The F/V Aleutian was upgraded by its owner, Scott Fennell, to increase the 50-year-old boat’s holding capacity. Fennell employed the services of Tom-Mac Shipyard to equip the boat with a new freezer system with a capacity of 17,500 pounds. He also commissioned Tom-Mac to improve the boat’s seaworthiness by installing aluminum hull sides and housings.
Boat owner Scott Fennell and Tom-Mac Shipyard worked together closely to install a new deck and refrigeration system on the F/V Aleutian that keeps the reliable older boat competitive on the distant-water trolling grounds.
Many veteran British Columbia troll fishermen remember “the old days” when they left the dock in May in search of spring salmon and, maybe six months later, with an autumn nip in the morning air, tied up their boats until the next salmon season. Now, though, conservative management of salmon stocks and allocations among the troll, seine and gill net fleets have eroded the season length steadily, and trollers like Scott Fennell were looking at about six weeks of fishing as they headed for the grounds in July.
Shorter seasons mean fishermen need to be able to stay out fishing longer. The shrinking seasons forced Fennell and many fellow trollers to make some tough economic decisions in order to continue making a living from fishing. For Fennell, one such decision was a recent, major upgrading of his boat, the Aleutian.

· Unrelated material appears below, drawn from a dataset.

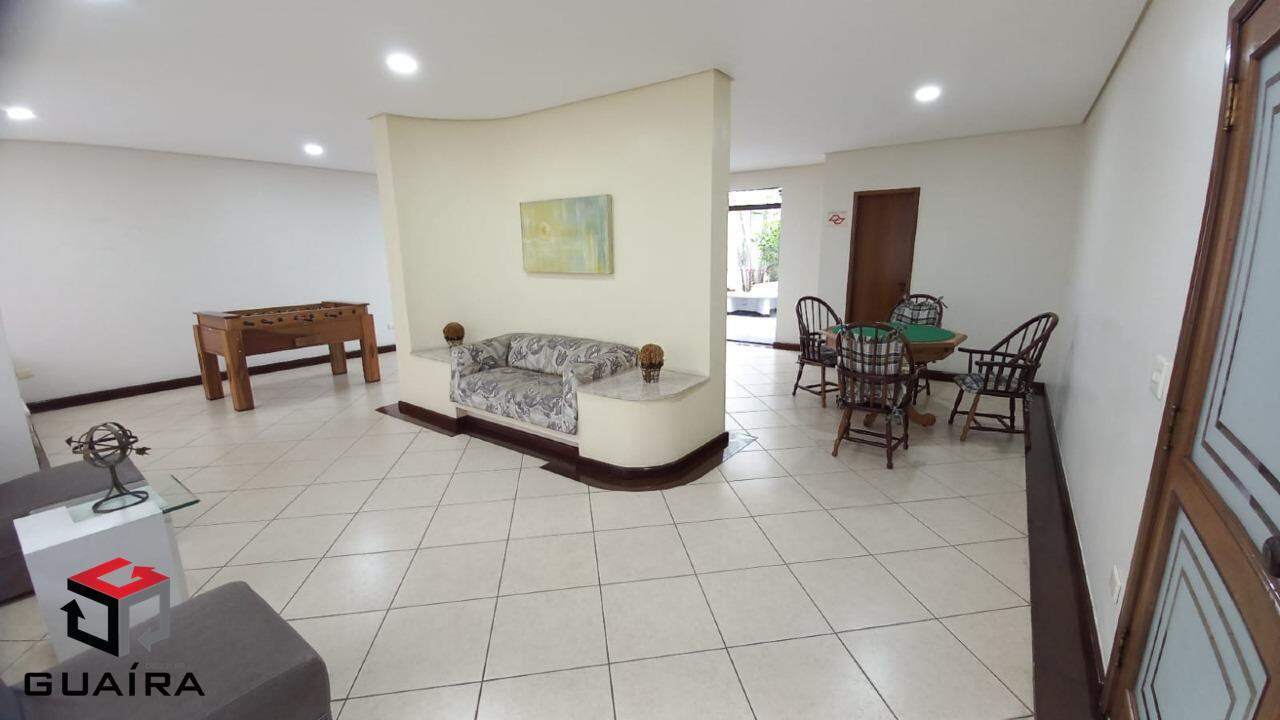 Apartamento à venda com 4 quartos, 126m² - Foto 32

A relative newcomer to the B.C. salmon fishery, Fennell started deckhanding on a troller in 1980, leased a 38′ boat for a season, then bought the 43′ Aleutian before the 1985 season. About 95% of the B.C. troll fleet consists of wooden vessels built in the 1940s and ’50s, and the 43′ x 12′ x 6′ Aleutian is a fine example of the tradition. Her husky hull with timbered counter stern and her name reflect her roots in the Bering Sea halibut fishery for which she was originally built in 1946 by Harbour Shipyards in Vancouver, B.C. Solid, original construction using Douglas fir, red and yellow cedar, oak and gumwood, good maintenance practices and pride of ownership have combined to keep older trollers like the Aleutian sound and capable.
The on-board systems on the majority of these trollers have also been continually upgraded over the years–diesel repowerings, additions of fishfinding and navigational electronics and installation of stronger, lighter aluminum masts, trolling poles and deck fittings. Taking into account new gear, repairs and materials plus his time, Fennell figures it takes about $10,000 annually to keep his troller in top shape for the non-stop fishing activity of the short seasons.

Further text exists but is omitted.